**EXERCISE DETAILS:** Every record below should be printed exactly, except for the pictures.

(Beginning of RECORDS SHOWN)

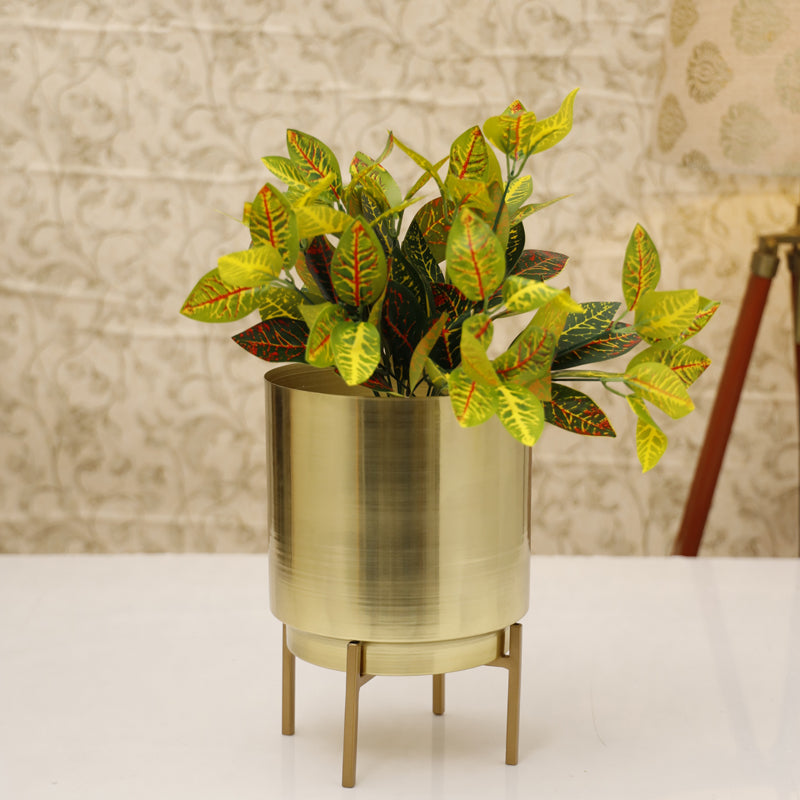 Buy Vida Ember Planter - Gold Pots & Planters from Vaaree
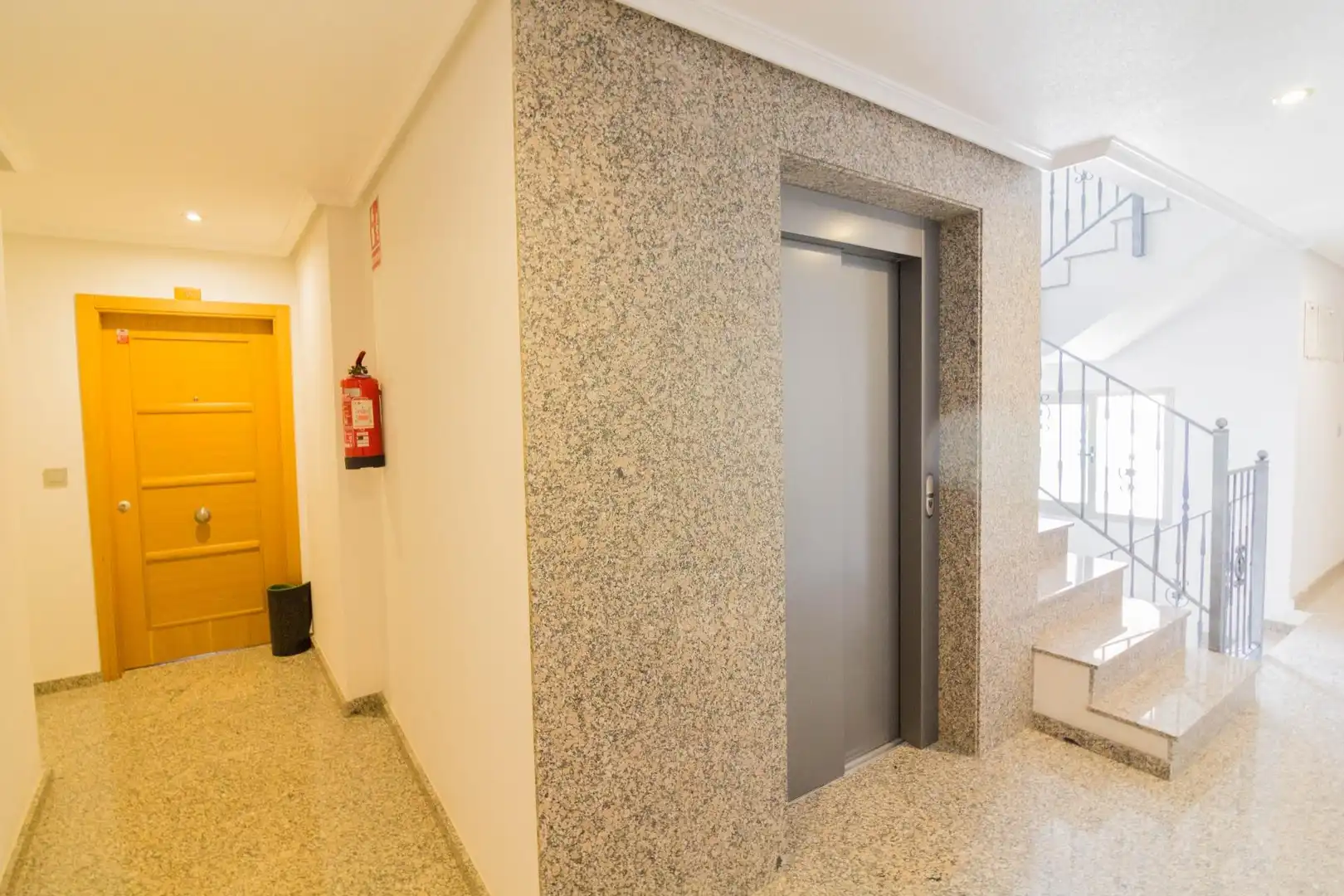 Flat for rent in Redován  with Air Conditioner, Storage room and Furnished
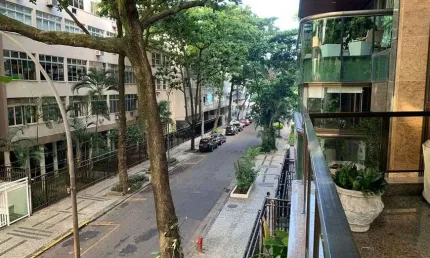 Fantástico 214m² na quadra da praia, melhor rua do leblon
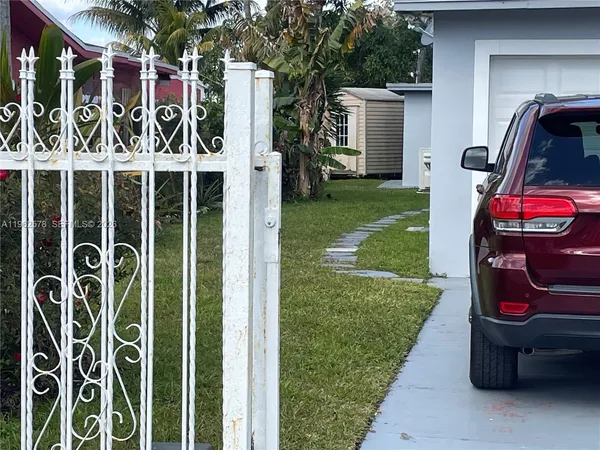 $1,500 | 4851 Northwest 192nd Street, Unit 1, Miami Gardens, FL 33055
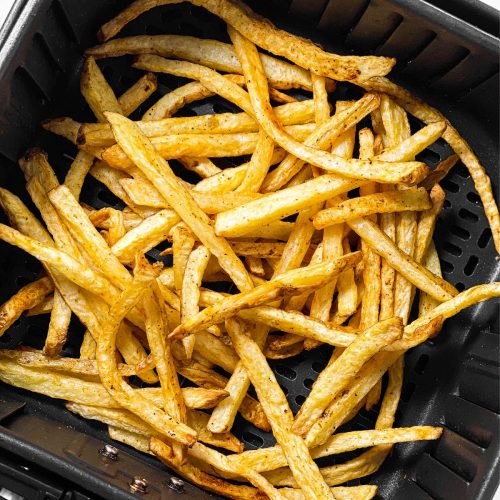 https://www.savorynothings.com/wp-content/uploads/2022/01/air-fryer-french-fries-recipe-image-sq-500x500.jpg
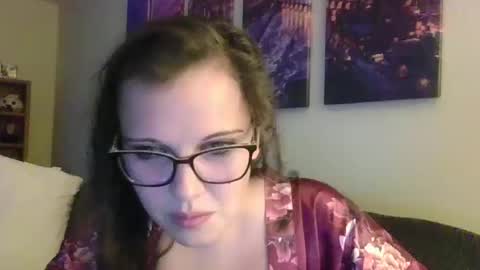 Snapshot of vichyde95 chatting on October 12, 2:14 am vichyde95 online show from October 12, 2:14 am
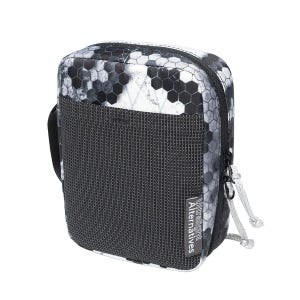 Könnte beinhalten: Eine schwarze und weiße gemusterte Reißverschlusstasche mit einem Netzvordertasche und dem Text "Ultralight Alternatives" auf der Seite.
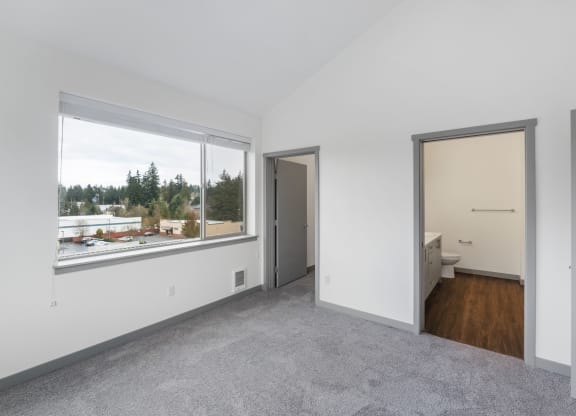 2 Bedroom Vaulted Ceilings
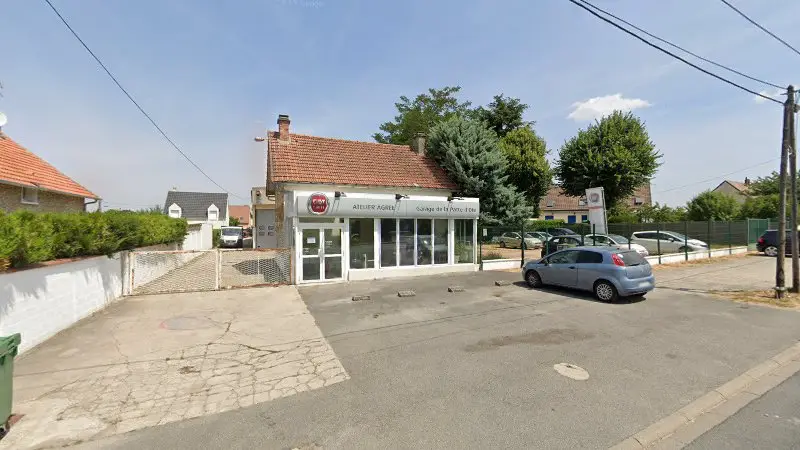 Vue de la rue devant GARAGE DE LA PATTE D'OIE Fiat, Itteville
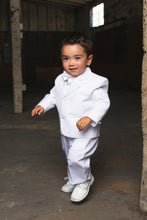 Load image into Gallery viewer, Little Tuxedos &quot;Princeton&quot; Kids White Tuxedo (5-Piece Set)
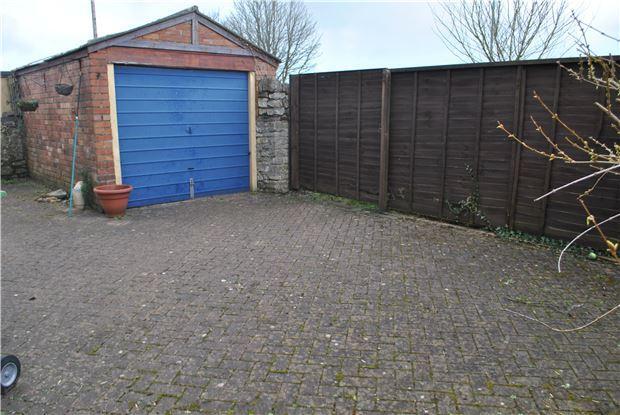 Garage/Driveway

(End of RECORDS SHOWN)

**WRITTEN ANSWER:**
 Buy Vida Ember Planter - Gold Pots & Planters from Vaaree
 Flat for rent in Redován  with Air Conditioner, Storage room and Furnished
 Fantástico 214m² na quadra da praia, melhor rua do leblon
 $1,500 | 4851 Northwest 192nd Street, Unit 1, Miami Gardens, FL 33055
 https://www.savorynothings.com/wp-content/uploads/2022/01/air-fryer-french-fries-recipe-image-sq-500x500.jpg
 Snapshot of vichyde95 chatting on October 12, 2:14 am vichyde95 online show from October 12, 2:14 am
 Könnte beinhalten: Eine schwarze und weiße gemusterte Reißverschlusstasche mit einem Netzvordertasche und dem Text "Ultralight Alternatives" auf der Seite.
 2 Bedroom Vaulted Ceilings
 Vue de la rue devant GARAGE DE LA PATTE D'OIE Fiat, Itteville
 Load image into Gallery viewer, Little Tuxedos &quot;Princeton&quot; Kids White Tuxedo (5-Piece Set)
 Garage/Driveway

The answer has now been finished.